Tehom wrote:
When did I ever say the workers didn't have the rights to not work at any place they choose not too, by the same token and to address the contradiction in terms of these so-called "undemocratic free markets" they are also free to start their own factories, build their own companies, and subject themselves to the same rigors that built the corporations they so despise. The markets are not democratic you either are profitable or you aren't, ceo's and those who built the corporation don't owe their workers anything other than what their labor entails in terms of what the market has set for their wages. I encourage worker run factories as well by all means if workers want to be autonomous and make a product that I value, I'll patronize their business its really that simple. All of your revolutionary hogwash never worked in the past, and South American countries have weak standards of living aside from maybe Brasil. There is a word for people that forcibly take the property i,e any profitable enterprise and its called theft, no matter what ostentatious revolutionary jargon you call it.
Capitalism creates unfree freedoms, as in, you are doomed to agree to what you have no other alternative but to choose. The workers must work for somebody. Workers don't have the resources to enter into the market on their own insofar as all they have is their labor power, which they loan to entrepreneurs in order for the creation of capital, but it has to monetary value until it creates capital and hence they can't just start their own company. A word for a system who forcibly take what people produce isn't theft, it's called capitalism. And before you say these people are working over what someone else provided in terms of resources, where do you think those resources came from? Someone else's labor.
tehom wrote:
Unless you are referring to some anarcho-capitalist ideology, Marxism promotes the ultimate centralization, how else are workers supposed to deal with capital without depending on some massive state?
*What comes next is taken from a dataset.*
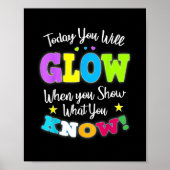 Funny Test Day Mode on Teacher Testing Ideeën Poster (Voorkant)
Of course government mixing with the free market is bad policy, I've stated this multiple times see my prior posts. As for weapons contractors and various other ventures of war profiteering, you're only reinforcing my point and there only able to reap such massive profits because they're subsidized by taxpayers. What part of this is fucking unnatural and a perversion of the markets do you not comprehend? It all ends up circle to circle especially with Marx albeit with a powerful centralized state you don't need government to muddy the waters, the state controlled economy ruins enough peoples lives of its own volition.
Centralization is not a natural tendency of Capitalism, and if it does occur its once again caused by the collusion of state (since government fucks everything up) with corporations. Competition offsets monopolies unless you have state subsidies or weak state economies or a business environment that is depressed in terms of overall options for selection of services. Antitrust laws oh yeah, you mean those things that create state monopolies?

Centralization is the natural tendency of capitalism. Capitalists compete on the market, putting the other capitalists out of business. Vanderbilt, Morgan, Rockefeller, Gates, for that matter, are all capitalists who gained a monopoly by driving all other businesses out of business; they centralized the market. Where was competition to offset those monopolies?
I think you're silly to be trying to argue for the purity of the free market insofar as it is common parlance that no market has ever been truly free. I would argue that perversions in the market are the natural state of the market, but I'm sure you wouldn't like that.
And not really sure that you've ever read Marx, but he never calls for a massive state entity to run communism. "Workers acting in harmony with the metabolic climate of Nature", "from each according to their ability, to each according to their need", etc. But never "BRING ON THE MASSIVE FUCKIN STATE POWER". The nation-state is and always was, as a historical development following the collapse of feudalism, a mediator for capital, that brokers deals with capital and maintains the flow of capital and sometimes if the worker's push really hard, it can be used for their benefit. And before you say "but the dictatorship of the proletariat...", it's not about state power.